Significance of Visual Psychophysical Tests in the Association with Reading Performance
The strength of the correlations among the reading variables and clinical visual measures was assessed by testing ETDRS acuity, contrast sensitivity, and central light sensitivity in the same regression model as covariates. The results are shown in Table 3
RA independently related to both ETDRS acuity and contrast sensitivity. However, either of the two variables alone was a good predictor of RA, as they respectively accounted for 67% and 63% of the between-subject variance in RA and up to 73% when both were included in the model. Central light sensitivity was not significantly associated with RA in this regression. 
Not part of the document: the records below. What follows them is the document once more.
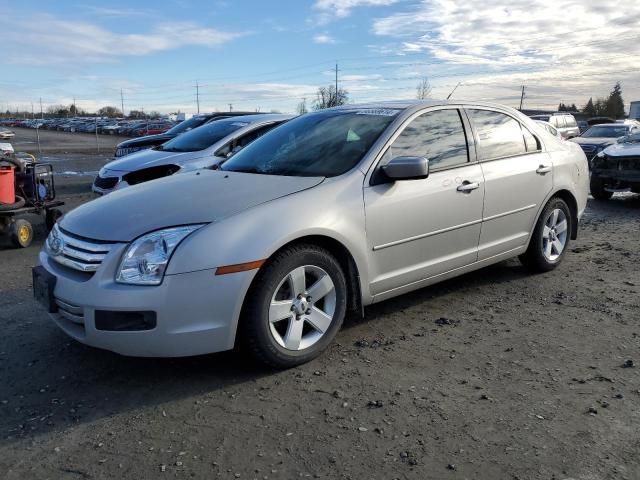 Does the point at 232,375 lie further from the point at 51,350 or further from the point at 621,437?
the point at 621,437

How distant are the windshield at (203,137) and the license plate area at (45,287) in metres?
5.37

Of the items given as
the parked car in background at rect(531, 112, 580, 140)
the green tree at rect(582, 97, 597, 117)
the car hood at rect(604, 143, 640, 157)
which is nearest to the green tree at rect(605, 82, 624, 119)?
the green tree at rect(582, 97, 597, 117)

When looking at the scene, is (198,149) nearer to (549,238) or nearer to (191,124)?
(191,124)

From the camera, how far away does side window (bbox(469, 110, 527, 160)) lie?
4.84 m

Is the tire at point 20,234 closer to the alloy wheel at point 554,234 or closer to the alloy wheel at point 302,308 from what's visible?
the alloy wheel at point 302,308

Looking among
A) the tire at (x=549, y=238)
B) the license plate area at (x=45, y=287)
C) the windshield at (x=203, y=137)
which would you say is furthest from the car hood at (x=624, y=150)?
the license plate area at (x=45, y=287)

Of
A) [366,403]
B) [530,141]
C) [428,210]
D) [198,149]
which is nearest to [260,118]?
[198,149]

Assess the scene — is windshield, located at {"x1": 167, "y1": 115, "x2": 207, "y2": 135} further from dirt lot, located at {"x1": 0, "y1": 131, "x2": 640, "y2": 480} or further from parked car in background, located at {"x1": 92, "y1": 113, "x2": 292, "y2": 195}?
dirt lot, located at {"x1": 0, "y1": 131, "x2": 640, "y2": 480}

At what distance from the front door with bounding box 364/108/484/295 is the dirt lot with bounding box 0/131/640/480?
0.47 metres

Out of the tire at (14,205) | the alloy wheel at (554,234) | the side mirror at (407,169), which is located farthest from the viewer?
the tire at (14,205)

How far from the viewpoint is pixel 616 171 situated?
34.9ft

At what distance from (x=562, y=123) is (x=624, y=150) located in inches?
552

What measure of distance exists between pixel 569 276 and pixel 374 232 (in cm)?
266

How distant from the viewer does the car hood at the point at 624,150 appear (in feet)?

CPS was closely associated with ETDRS acuity. In the same model, contrast sensitivity and central light sensitivity were weak but still significant predictors. 
The single best predictor of MRS was contrast sensitivity, which alone explained the same amount of between-subject variance in MRS as the multivariate model (70%). Using the percentage of change in WPM as a means of better explaining the coefficients shown in Table 3 , MRS declined by 10% WPM for a halving of RA (0.3 log) and contrast sensitivity, and by 11% for a 10-dB decrease in central light sensitivity. In this model, we excluded three eyes of different patients with an MRS of 10 WPM or less after analyses of residuals. Two of these patients were unable to read in the fellow eye. Only central light sensitivity was not significantly associated with RA when these three outliers were maintained in the regression, thus suggesting that it may not be a good predictor of MRS when its values are very low. 
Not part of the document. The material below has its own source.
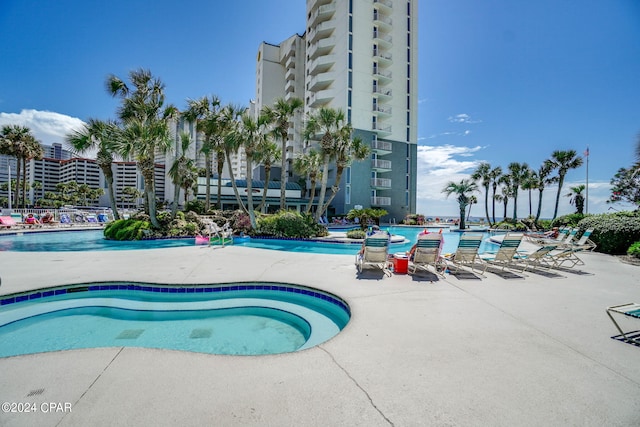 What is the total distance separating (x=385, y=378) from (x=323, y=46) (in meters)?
38.8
The estimates of the regression coefficients and their standard errors did not change when age and years of education were introduced into the models. The only exception was a slight weakening of the association between MRS and ETDRS acuity, which reached only borderline statistical significance when education was also considered. 
Role of Predictors at the Eye-Versus-Subject Level
Although RP is considered a symmetrical disease, the eye-level variance accounted for up to half the subject-level variance in a Cronbach regression model. 11 This made it possible to investigate whether the association between reading and clinical predictors is specific to the eye or acts as a unique individual trait. ETDRS acuity was specifically associated with the reading performance of the tested eye. The eye- and subject-level coefficients were similar, regardless of whether the dependent variable was RA (0.527 vs. 0.495, P = 0.838) or MRS (0.115 vs. −0.102, P = 0.886). On the contrary, most of the association of contrast sensitivity with reading performance was at subject-level for RA (eye vs. subject level: −0.092 vs. −0.366, P = 0.040) and, particularly, MRS (−0.073 vs. 0.299, P < 0.001). In other words, even when patients with RP were tested monocularly, contrast sensitivity tended to influence reading as an individual function that is sensitive to visual damage in both eyes and was scarcely associated with the level of damage in the tested eye. 
The pattern of central light sensitivity was inconsistent when RA or MRS was the dependent variable. The differences between the eye- and subject-level coefficients did not reach statistical significance in either model. Demographic covariates such as age and years of education did not alter the subject-level effect when introduced together into the analyses. 
Relationship between Reading Performance and Demographic, Anamnestic, and Clinical Findings
To analyze which demographic or anamnestic factors and which ocular alterations may be associated with individual reading performance, we used each of these conditions as a covariate in a regression model in which ETDRS acuity, contrast sensitivity, and light sensitivity were also included. The potential of predicting a lower reading performance was evaluated, one at a time, for the following factors: age; sex; years of education; years since RP diagnosis; type of RP inheritance; severity of nuclear, cortical or subcapsular lens opacities; definite optic disc pallor; and occurrence of macular changes, including retinal pigment epithelium atrophy, pucker, and cystoid macular edema. The variable most strongly associated with both RA and MRS was years since RP diagnosis. We found that every 10 years there is a loss of almost one sentence in RA (0.083 logMAR; 95% CI: 0.044–0.124, P < 0.001) and CPS (0.072 logMAR; 95% CI: 0.027–0.118, P = 0.002) and an 8% reduction (95% CI: −2% to −14%, P = 0.022) in WPM reading speed. Having 10 more years of education predicted a higher reading speed of 17% (95% CI: 2% to 34%, P = 0.027). Age was not associated with any reading variable, and the presence of any type of lens opacity did not seem to be associated with individual reading performance. However, when the LOCS III procedure was used, only 12% of the examined eyes were graded 3 or more for any type of opacity, and, consequently, this study did not allow the measurement of the effect of cataract on reading in RP. 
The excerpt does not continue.